February, the month of ‘love’ since Valentines day’s become a commercial success story, reminding people to ‘spoil their loved ones’.
Spending roughly two hours a day in nature gives me a very unique opportunity to think. A lot.
With John Lennon’s Imagine playing and words from my friend Lisa, who posted a beautiful message speaking to couples after our hike yesterday, I climbed my way up Platteklip Gorge. Her post included that they celebrate their love every day but this particularly rang true:
“Instead of spoiling your loved one for one day….Choose to spoil a stranger for a lifetime”
She was encouraging people to donate in support of my 365 Ubuntu Climbs initiative: My commitment to climb Table Mountain every day (just completed Hike 46) to build homes; help under resourced schools teach children to read and increase the database for Leukaemia.
With this top of mind, I was thinking about love and the many forms it comes in. We always tend to think of love in our immediate relationships: ourselves, our partners, our families, our friends.
But not to our extended family.
All human beings.
And another step further: Our planet we live on and ALL that dwell on it.
Cultivating a deep love for oneself first is paramount. I don’t believe we can have our love basket filled up from others. It’s as though our basket is sieve-like designed to hold the beautiful gems we should give ourselves, while what we get from others is like water; which is why we can never be filled with love when seeking it from others.
To this point Wayne Dyer made a profound statement:
“Love is my gift to the world. I fill myself with love, and I send that love into the world. How others treat me is their path; how I react is mine”
I want you to read that line over and over until you fully understand the three important elements of that sentence.
What about people that harm me? Treat me badly?
Someone that’s done a tremendous amount of harm to South Africa finally stepped down yesterday. Probably his greatest act of love to this country and how interesting it coincided with Valentines day. Having read and understood Wayne’s quote most people would say that Mr Zuma doesn’t deserve our good thoughts and so they speak poison and fill their minds with hatred and bad thoughts towards him – which is inside their mind.
This is like drinking poison and expecting him to die.

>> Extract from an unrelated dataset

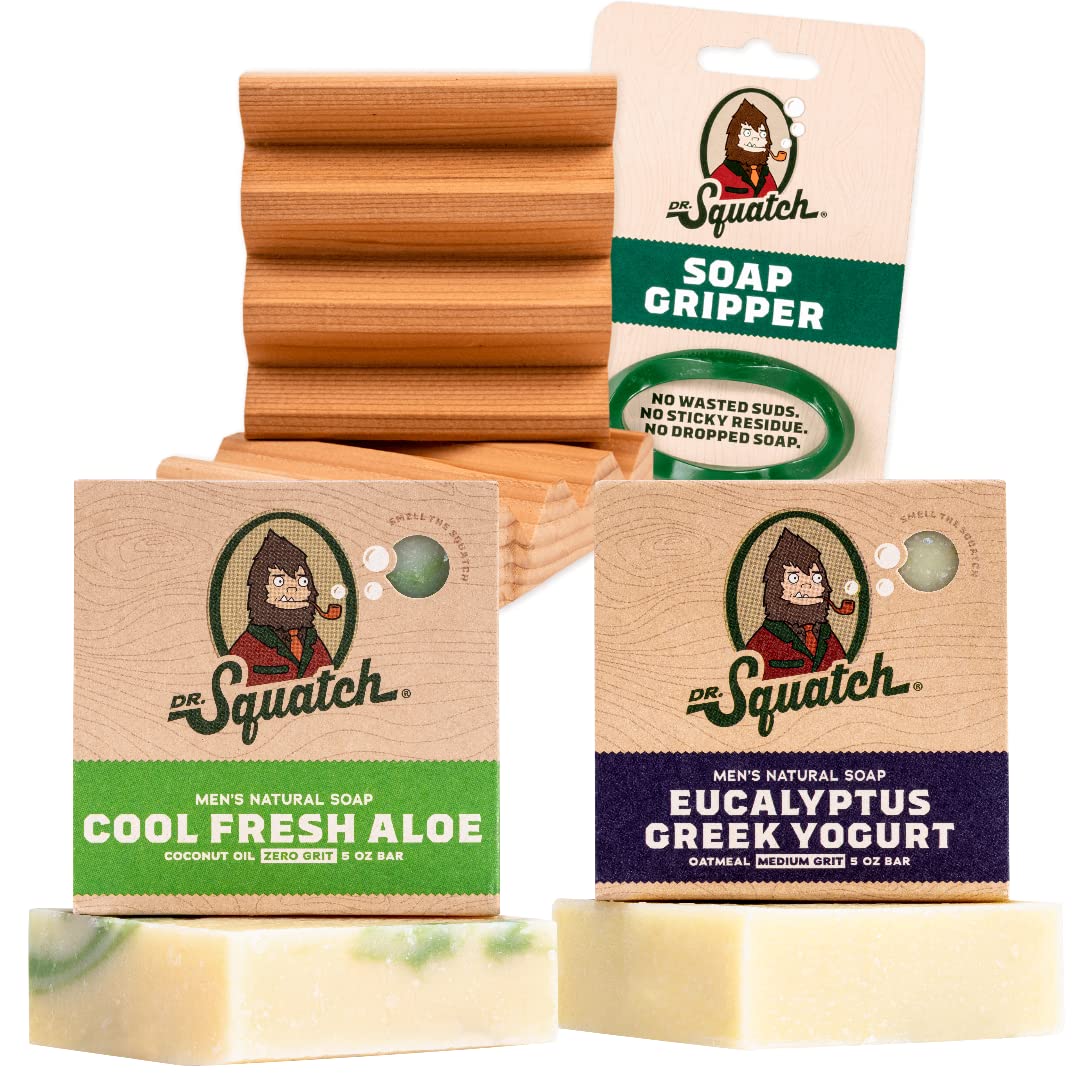 Dr Squatch Basic Squatch Fresh Pack - Eucalyptus Greek Yogurt and Cool Fresh Aloe - Handmade Bar Soap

As my spiritual coach says: “They may not deserve your good thoughts. But you do. You deserve your good thoughts about them. This is what the art of allowing is. It’s allowing my own well-being.”

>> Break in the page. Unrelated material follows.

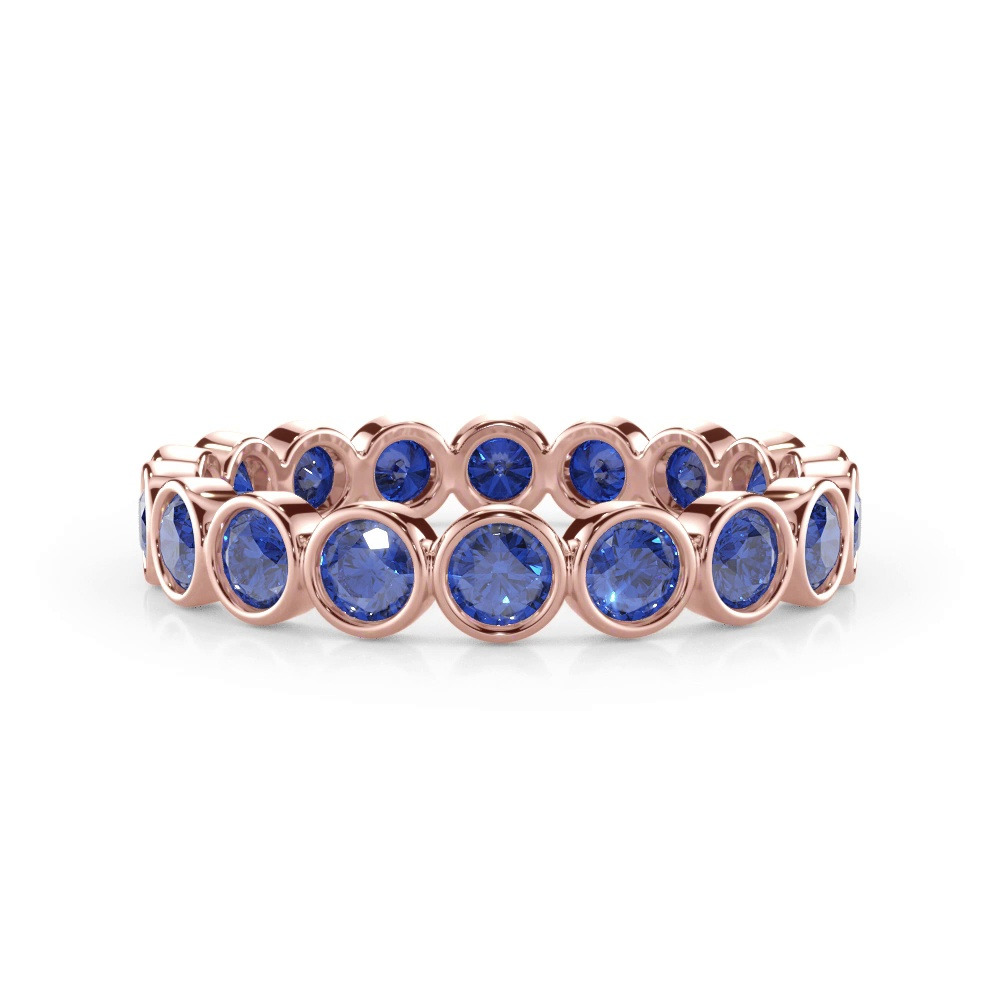 360 degree view of Sapphire Bezel Eternity Ring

It’s important to know we control what our world is like, that Loving ourselves means the better decisions we make around our mind, body and emotions, the better they are. What outcome we’d like depends on what we feed them. Think about it, very basically put:
Exercise regularly and eat well and your body becomes a healthy temple.
Follow good news stories and read what people are doing around the world to help themselves and others to improve humanity and your mind becomes a garden for positivity.
Practice love to all and everything around you and your emotions are filled with the energy of peace and understanding and you meet more and more people that feel the same way.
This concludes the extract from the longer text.